Once you reach the line containing "Tisch Malpapier Kinder", reproduce it and every later line exactly, through the end of the data.

------

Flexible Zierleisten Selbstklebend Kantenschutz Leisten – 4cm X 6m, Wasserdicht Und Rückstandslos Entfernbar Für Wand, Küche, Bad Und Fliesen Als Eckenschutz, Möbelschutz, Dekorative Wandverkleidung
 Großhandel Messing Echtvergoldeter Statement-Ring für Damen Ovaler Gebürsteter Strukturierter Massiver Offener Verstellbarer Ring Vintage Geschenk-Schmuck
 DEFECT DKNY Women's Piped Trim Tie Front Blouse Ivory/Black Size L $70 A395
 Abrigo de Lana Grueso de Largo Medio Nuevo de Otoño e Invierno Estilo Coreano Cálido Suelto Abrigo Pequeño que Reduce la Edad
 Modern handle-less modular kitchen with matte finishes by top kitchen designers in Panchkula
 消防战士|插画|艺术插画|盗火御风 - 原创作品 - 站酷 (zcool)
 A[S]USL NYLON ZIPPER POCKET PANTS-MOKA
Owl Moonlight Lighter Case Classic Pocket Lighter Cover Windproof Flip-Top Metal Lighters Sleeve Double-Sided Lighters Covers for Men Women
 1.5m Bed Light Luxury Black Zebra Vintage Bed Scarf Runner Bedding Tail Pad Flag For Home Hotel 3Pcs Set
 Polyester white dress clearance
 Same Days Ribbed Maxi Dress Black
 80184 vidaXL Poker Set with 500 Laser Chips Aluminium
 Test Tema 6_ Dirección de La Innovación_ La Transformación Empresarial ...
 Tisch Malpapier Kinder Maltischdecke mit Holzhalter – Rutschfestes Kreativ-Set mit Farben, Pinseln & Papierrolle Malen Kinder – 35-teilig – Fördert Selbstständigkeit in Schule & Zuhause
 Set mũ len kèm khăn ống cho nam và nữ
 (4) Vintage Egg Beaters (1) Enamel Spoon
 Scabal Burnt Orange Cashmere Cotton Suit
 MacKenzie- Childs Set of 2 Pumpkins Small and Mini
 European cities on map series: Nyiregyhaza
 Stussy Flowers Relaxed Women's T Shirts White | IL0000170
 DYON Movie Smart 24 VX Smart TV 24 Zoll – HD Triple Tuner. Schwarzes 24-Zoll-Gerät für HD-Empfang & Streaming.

------

◆ FINISHED EXERCISE ◆
 Tisch Malpapier Kinder Maltischdecke mit Holzhalter – Rutschfestes Kreativ-Set mit Farben, Pinseln & Papierrolle Malen Kinder – 35-teilig – Fördert Selbstständigkeit in Schule & Zuhause
 Set mũ len kèm khăn ống cho nam và nữ
 (4) Vintage Egg Beaters (1) Enamel Spoon
 Scabal Burnt Orange Cashmere Cotton Suit
 MacKenzie- Childs Set of 2 Pumpkins Small and Mini
 European cities on map series: Nyiregyhaza
 Stussy Flowers Relaxed Women's T Shirts White | IL0000170
 DYON Movie Smart 24 VX Smart TV 24 Zoll – HD Triple Tuner. Schwarzes 24-Zoll-Gerät für HD-Empfang & Streaming.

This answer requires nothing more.